◆ **HOW TO COMPLETE THIS TASK**
The material below holds pictures; leave them out, and copy exactly, and only, the lines from the one with "HARLEY-DAVIDSON SOFTAIL 2004" through the last.

◆ **SUPPLIED DATA**

▼▼▼

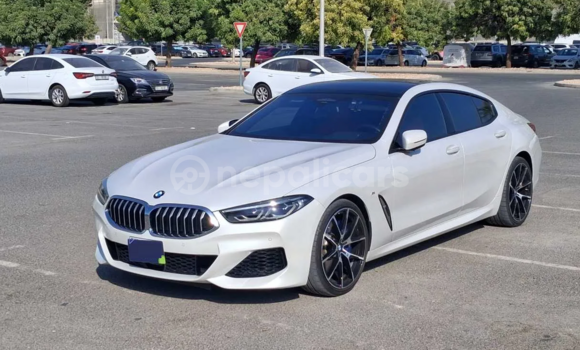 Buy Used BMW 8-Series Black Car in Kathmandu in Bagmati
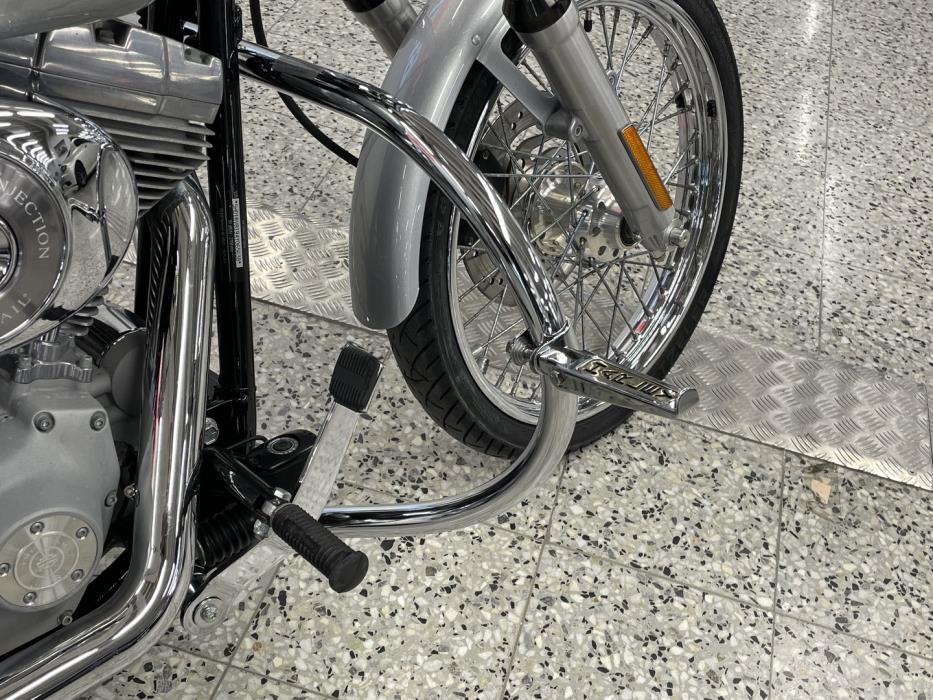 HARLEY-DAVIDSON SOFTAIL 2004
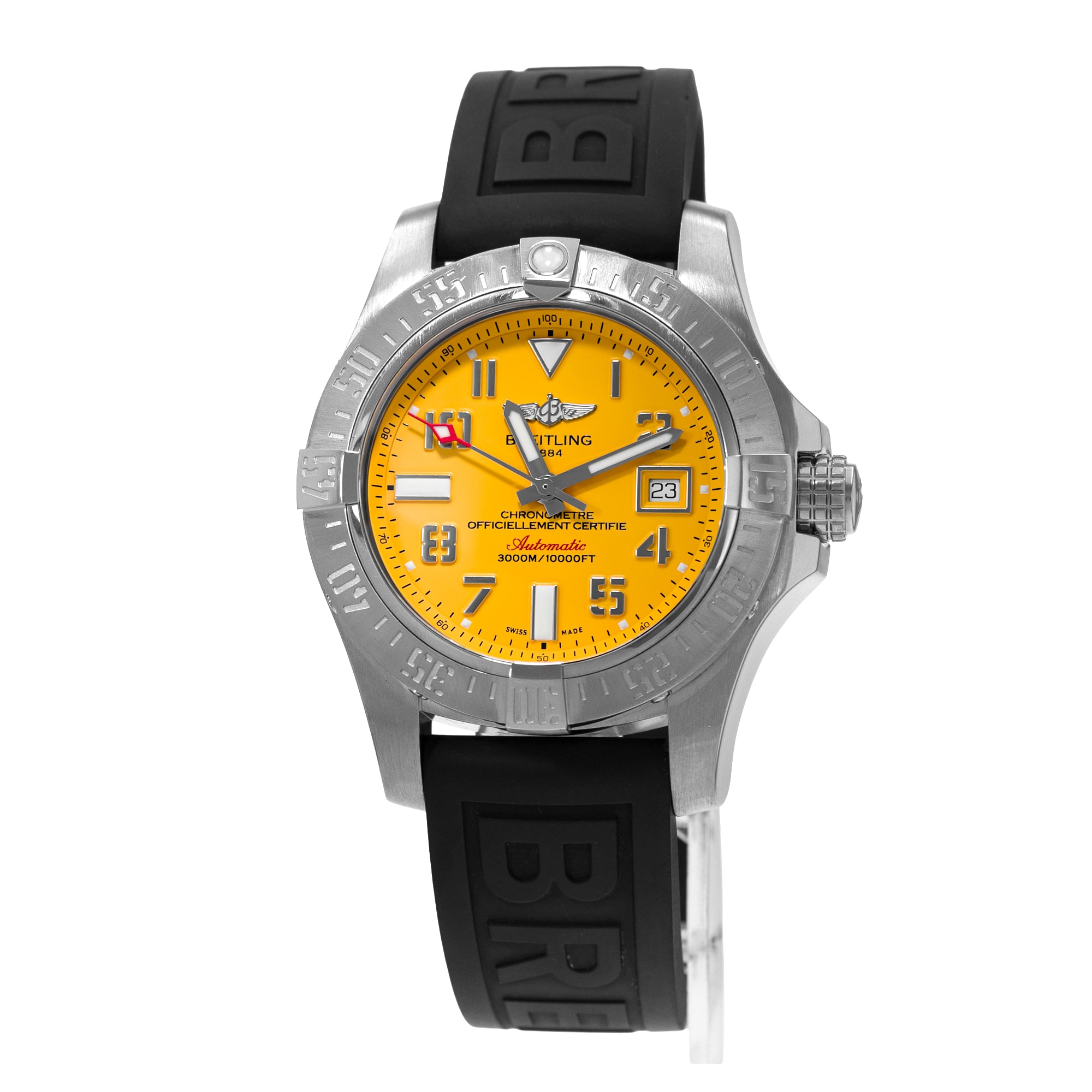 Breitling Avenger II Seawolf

▲▲▲

◆ **ANSWER BOX**
 HARLEY-DAVIDSON SOFTAIL 2004
 Breitling Avenger II Seawolf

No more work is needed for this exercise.